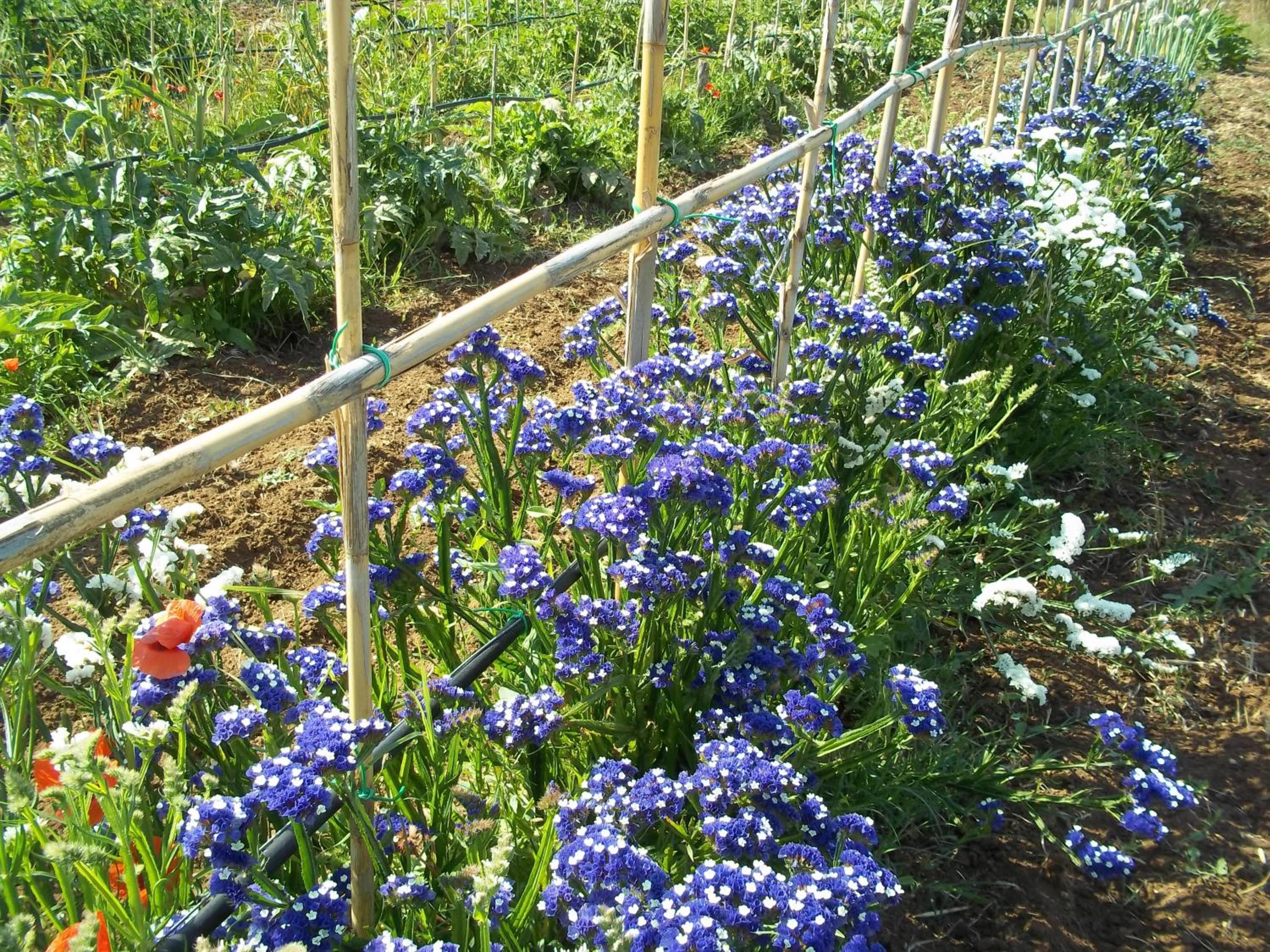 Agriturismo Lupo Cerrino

★ ★ ★ ★ ★

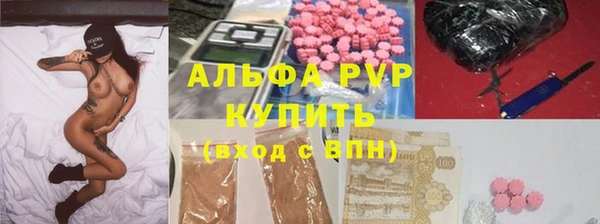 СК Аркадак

★ ★ ★ ★ ★

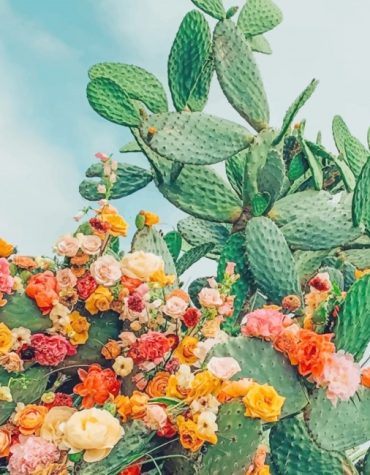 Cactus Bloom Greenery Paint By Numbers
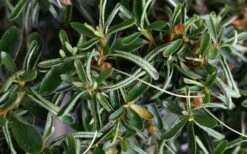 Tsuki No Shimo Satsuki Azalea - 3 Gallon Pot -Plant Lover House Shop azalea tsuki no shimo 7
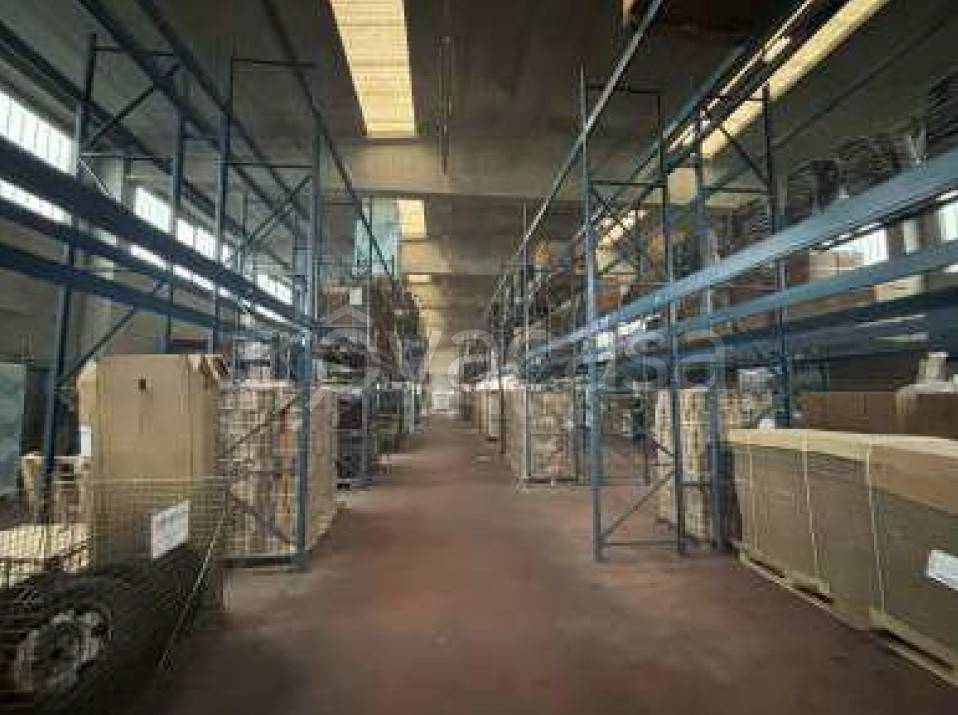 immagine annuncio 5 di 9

★ ★ ★ ★ ★

_WORK TASK_
Starting at the line containing "Cactus Bloom Greenery Paint By Numbers" and finishing at the line containing "immagine annuncio 5 di 9", return those lines exactly as they appear above, without the pictures.

_OUTPUT FOR THIS TASK_
 Cactus Bloom Greenery Paint By Numbers
 Tsuki No Shimo Satsuki Azalea - 3 Gallon Pot -Plant Lover House Shop azalea tsuki no shimo 7
 immagine annuncio 5 di 9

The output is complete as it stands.